まず「情報処理技術者試験」は、経済産業省が認定する国家資格であり、4つのレベルに分かれています。最も基礎的なレベル1の「ITパスポート試験」は、IT技術者として必要不可欠な最低限の知識レベルを問うもので、職種に関係ありません。レベル2の「基本情報技術者試験」とレベル3の「応用情報技術者試験」は、ITエンジニアとしての実践的なスキルや知識を問われるもので、一般的にもシステムエンジニアの登竜門と認識されています。このレベル1からレベル3までが、情報処理全般の知識を問うものであるのに対し、レベル4の「高度情報処理技術者試験」は、いくつもの専門分野に分かれています。その中でも「データベーススペシャリスト試験」は、データベースに関わるすべてにおいて、中心的業務を担うことができる高度専門的な知識やスキルを問うものとなっています。
【情報処理技術者試験】
データベースエンジニアにとって、得意とする特定の製品に関する知識は重要です。中でも知名度が高いのが、日本オラクル社の認定する「オラクルマスター」であり、Oracle製品を対象とするデータベースのベンダー資格です。この「オラクルマスター」は、Oracle製品を使用する企業において、採用条件とされる場合も多いのです。

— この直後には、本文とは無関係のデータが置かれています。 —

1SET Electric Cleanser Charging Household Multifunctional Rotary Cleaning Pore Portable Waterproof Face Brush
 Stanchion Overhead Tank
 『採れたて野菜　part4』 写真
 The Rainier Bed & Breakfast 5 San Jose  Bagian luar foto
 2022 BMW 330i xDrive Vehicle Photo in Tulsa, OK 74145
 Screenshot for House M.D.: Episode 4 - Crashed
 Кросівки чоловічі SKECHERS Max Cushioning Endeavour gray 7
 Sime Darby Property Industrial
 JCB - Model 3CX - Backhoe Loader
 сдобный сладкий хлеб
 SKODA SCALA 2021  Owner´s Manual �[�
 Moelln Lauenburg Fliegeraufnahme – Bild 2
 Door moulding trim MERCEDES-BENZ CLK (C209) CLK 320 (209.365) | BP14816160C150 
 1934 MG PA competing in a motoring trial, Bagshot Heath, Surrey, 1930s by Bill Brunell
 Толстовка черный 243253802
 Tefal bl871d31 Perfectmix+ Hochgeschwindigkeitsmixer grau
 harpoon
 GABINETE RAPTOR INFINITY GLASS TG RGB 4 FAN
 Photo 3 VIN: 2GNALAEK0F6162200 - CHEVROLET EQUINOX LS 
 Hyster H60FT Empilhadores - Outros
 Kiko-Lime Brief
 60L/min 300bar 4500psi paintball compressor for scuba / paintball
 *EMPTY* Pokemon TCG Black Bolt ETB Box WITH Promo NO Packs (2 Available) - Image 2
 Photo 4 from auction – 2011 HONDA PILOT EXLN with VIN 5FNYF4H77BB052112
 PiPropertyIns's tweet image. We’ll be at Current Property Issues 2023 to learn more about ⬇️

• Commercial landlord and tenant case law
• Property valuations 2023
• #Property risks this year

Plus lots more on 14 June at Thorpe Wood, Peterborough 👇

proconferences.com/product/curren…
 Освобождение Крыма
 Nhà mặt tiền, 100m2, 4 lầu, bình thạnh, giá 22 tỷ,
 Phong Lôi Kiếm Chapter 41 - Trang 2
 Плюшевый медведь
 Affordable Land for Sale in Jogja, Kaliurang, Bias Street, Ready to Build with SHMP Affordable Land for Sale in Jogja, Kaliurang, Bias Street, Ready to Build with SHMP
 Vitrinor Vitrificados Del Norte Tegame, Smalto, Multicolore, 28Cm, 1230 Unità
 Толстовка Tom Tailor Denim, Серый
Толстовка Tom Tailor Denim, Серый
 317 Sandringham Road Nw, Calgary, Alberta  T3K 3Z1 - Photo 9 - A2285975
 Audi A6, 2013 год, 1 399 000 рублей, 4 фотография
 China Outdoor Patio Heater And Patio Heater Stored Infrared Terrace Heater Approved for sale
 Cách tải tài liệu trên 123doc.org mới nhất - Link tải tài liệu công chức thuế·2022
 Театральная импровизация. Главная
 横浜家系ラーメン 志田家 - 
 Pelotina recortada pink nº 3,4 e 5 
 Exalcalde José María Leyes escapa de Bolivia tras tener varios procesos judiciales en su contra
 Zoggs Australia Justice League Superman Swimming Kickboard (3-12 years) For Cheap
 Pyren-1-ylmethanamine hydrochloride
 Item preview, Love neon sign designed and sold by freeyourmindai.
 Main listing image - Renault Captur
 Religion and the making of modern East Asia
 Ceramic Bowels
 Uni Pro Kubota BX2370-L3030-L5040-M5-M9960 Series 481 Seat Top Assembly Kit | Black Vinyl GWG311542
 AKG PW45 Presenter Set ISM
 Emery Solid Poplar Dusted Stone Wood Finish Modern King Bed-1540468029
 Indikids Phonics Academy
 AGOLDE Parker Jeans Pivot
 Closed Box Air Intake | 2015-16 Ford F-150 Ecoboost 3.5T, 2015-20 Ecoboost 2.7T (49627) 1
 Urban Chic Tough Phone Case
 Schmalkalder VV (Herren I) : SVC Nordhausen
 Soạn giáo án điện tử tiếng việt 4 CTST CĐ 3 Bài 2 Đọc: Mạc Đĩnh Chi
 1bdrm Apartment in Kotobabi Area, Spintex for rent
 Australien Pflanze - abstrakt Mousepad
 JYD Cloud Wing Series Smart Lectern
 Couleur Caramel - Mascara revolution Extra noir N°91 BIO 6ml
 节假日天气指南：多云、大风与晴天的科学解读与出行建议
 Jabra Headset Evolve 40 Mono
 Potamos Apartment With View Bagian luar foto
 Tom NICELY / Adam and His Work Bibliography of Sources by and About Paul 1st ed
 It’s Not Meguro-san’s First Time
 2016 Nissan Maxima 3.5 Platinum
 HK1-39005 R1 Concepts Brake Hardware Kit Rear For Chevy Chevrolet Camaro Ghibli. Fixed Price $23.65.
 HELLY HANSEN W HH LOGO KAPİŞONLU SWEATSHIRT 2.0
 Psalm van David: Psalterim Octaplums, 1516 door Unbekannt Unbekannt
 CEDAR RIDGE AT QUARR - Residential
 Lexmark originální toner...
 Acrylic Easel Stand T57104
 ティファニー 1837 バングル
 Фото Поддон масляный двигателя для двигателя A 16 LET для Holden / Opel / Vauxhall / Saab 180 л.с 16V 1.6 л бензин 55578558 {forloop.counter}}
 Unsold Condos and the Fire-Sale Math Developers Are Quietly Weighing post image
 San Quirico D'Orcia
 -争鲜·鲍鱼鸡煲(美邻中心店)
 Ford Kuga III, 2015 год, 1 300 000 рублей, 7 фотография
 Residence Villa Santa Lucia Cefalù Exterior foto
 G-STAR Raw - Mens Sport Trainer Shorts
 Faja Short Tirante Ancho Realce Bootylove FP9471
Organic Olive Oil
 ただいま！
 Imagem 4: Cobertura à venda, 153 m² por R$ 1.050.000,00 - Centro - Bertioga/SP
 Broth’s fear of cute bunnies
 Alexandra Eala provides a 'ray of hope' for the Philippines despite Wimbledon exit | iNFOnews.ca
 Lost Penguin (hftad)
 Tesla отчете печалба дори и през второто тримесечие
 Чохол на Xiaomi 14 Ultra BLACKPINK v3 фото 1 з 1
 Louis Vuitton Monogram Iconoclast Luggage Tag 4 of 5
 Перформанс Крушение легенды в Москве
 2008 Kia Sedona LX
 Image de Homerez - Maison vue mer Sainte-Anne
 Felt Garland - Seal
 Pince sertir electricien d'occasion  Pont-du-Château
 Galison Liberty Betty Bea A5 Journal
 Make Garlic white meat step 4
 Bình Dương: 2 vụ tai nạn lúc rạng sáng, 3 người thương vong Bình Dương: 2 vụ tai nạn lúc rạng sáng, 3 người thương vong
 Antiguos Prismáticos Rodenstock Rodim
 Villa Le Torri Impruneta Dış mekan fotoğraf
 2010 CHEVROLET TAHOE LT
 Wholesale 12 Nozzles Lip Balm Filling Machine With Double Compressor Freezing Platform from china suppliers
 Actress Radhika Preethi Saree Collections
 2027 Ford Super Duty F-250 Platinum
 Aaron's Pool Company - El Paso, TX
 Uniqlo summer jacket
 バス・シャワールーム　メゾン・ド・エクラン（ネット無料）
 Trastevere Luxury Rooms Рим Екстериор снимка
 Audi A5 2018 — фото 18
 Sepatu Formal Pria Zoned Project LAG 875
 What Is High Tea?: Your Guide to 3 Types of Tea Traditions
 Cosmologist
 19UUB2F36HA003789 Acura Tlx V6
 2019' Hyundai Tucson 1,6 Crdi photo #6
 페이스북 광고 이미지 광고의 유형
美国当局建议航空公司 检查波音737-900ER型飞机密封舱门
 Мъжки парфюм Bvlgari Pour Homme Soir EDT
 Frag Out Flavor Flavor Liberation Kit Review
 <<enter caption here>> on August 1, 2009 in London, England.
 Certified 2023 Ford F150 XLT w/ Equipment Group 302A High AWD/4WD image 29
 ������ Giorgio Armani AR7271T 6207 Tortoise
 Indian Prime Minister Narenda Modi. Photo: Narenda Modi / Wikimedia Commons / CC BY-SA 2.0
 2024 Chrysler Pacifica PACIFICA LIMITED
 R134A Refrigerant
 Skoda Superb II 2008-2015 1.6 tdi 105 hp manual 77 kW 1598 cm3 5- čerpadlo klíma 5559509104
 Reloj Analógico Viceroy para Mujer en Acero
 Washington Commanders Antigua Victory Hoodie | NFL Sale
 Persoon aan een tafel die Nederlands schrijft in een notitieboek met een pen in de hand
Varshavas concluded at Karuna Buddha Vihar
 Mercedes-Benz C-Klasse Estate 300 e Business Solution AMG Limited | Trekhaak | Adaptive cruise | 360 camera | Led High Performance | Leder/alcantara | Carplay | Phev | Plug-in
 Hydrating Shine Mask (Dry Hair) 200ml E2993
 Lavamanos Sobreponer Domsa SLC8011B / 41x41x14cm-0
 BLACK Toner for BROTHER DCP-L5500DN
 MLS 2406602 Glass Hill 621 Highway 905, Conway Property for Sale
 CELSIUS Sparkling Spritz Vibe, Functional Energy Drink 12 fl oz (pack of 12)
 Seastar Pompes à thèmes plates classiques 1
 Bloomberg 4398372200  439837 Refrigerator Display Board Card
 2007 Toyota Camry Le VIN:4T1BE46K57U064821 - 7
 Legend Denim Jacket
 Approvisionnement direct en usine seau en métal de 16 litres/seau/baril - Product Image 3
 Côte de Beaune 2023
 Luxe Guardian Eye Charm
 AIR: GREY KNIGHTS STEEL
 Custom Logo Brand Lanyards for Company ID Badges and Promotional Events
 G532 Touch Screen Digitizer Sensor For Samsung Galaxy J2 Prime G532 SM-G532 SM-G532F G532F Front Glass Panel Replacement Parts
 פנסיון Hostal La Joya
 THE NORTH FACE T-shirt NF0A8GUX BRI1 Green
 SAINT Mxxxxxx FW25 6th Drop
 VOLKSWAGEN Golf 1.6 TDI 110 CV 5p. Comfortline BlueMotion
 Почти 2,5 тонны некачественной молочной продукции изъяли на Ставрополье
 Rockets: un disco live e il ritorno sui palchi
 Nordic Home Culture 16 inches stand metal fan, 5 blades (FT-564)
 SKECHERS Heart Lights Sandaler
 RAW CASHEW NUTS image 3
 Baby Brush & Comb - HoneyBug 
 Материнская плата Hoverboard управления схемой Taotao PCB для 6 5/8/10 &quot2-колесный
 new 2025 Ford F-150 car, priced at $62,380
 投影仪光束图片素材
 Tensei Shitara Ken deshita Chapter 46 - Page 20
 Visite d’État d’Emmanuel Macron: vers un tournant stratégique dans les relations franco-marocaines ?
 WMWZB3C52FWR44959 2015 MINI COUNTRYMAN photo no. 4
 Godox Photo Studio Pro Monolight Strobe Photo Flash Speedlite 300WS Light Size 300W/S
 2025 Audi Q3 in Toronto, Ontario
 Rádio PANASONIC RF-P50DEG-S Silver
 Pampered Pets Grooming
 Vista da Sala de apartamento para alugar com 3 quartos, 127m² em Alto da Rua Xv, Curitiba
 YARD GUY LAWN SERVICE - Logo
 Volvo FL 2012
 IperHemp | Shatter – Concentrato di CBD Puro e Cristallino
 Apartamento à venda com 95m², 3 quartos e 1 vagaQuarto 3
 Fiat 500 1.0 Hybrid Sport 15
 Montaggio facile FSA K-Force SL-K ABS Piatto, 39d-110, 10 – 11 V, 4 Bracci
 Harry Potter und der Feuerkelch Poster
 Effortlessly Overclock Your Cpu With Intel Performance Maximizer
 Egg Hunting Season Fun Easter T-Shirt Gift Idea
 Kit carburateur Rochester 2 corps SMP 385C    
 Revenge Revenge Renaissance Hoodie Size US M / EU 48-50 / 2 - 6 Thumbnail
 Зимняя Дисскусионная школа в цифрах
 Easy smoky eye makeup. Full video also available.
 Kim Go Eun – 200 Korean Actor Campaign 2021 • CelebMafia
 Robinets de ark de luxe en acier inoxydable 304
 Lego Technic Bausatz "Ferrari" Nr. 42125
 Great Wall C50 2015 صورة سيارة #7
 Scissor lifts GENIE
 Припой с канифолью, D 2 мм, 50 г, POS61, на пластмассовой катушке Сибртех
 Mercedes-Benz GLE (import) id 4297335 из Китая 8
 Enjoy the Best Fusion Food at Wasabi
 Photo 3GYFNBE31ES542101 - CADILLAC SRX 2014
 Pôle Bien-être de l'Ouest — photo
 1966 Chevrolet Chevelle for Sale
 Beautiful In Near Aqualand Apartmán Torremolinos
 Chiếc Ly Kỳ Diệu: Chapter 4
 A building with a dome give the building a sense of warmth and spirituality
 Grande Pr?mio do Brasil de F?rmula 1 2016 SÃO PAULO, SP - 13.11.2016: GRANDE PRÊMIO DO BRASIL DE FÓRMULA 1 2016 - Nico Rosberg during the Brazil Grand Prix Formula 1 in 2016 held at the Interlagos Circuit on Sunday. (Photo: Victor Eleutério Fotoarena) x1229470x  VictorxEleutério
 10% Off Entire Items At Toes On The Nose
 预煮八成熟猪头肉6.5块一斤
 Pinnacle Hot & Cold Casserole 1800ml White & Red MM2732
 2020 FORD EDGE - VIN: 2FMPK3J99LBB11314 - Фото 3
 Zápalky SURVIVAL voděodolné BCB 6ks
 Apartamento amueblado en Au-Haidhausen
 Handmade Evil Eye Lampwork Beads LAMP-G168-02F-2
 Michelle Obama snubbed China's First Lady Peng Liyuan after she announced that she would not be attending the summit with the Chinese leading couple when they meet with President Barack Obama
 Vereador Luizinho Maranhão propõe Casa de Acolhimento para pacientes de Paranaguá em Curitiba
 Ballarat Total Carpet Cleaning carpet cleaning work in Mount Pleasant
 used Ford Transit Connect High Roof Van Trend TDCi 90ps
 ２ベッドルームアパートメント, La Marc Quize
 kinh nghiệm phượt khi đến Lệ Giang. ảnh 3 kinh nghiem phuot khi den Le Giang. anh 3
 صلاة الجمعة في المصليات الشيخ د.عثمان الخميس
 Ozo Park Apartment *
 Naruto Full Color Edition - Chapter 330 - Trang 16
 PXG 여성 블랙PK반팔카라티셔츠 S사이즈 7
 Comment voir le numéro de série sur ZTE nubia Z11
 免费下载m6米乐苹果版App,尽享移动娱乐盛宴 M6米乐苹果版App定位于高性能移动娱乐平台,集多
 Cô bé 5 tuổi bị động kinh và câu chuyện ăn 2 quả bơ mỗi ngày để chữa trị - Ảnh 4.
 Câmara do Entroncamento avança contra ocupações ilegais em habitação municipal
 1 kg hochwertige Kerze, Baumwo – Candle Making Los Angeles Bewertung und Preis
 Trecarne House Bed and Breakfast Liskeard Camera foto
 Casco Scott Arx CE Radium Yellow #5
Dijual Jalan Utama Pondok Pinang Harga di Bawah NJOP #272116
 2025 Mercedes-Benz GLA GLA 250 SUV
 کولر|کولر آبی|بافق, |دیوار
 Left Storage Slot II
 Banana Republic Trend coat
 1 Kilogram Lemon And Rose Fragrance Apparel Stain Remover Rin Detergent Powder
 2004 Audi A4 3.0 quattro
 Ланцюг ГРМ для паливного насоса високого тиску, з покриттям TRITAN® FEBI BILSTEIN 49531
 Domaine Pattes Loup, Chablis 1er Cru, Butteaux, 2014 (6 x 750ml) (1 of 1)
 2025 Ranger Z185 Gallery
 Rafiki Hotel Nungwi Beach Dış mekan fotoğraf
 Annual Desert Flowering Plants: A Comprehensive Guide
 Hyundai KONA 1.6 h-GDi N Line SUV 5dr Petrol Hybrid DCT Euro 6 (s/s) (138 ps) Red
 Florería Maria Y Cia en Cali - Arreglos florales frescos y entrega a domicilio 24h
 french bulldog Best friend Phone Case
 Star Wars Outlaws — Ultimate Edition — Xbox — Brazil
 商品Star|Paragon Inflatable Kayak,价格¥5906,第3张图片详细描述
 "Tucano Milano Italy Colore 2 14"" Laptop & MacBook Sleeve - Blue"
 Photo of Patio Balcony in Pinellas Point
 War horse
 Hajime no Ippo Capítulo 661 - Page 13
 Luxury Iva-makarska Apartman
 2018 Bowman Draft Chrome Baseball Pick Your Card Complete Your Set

「オラクルマスター」の認定方法は、データベース管理者、アプリケーションサーバー管理者、開発者というカテゴリごとに異なっているのが特徴で、更にBronze、Silver、Gold、Platinumという4つのレベルに分かれていますが、下位資格の取得が上位資格の受験要件となっていることから、下から順に取得しなければなりません。
【オラクルマスター】
また「OSS-DB技術者認定試験」は、NPO法人エルピーアイジャパン(LPI-JAPAN)の主催する資格です。レベルはSilverとGoldに分かれており、いずれも特定の企業や製品に特化していません。OSS(Open Source Software)製品を現に使用している企業や、OSSへの切り替えを検討している企業も多い中で、今後重視度がアップしそうです。
【OSS-DB技術者認定資格】
データベースエンジニアにとって、専門資格は取って損がないどころか、取らなければ仕事にならない、という場合もあるほど重要です。国家資格には、「情報処理技術者試験」がありますし、ベンダー資格の中でも知名度が高い「オラクルマスター」は、Oracle製品を扱う企業の多くで必須です。また「OSS-DB技術者認定試験」は、特定の企業や製品に特化したものではないものの、今後OSS製品を扱う企業が増えるにつれて、重要度が高まりそうです。
転職活動は、在職中から始めるのが鉄則とはいえ、現実問題として悩ましい状況を生みます。いまだ採用とは決まっていない面接の段階では、やたら権利の主張ばかりするような印象を与えるのは、得策ではありません。しかし収入についてあまりはっきりとは示されていない場合や、あるいは現職よりも下がりそうな場合に、内定後であれば、多少交渉の余地はあるかもしれません。もっとも大抵の企業は給与の査定基準を定めており、また転職当初は下がっても実績を上げれば評価も自ずと高くなるものです。
データベースエンジニアの収入は、平均的には20代の340万円から40代の600万円というのが一応の目安ですが、もちろん年齢や経験や資格の取得などに応じて推移します。その上ボーナスの支給もありますが、残業代の支払いは会社によって異なるようです。労働環境が厳しいといわれるITエンジニアの中でもデータベースエンジニアは、一月の残業時間が100時間を超えることが珍しくない上に、忙しければ月160時間に及ぶなど、相当の覚悟が必要です。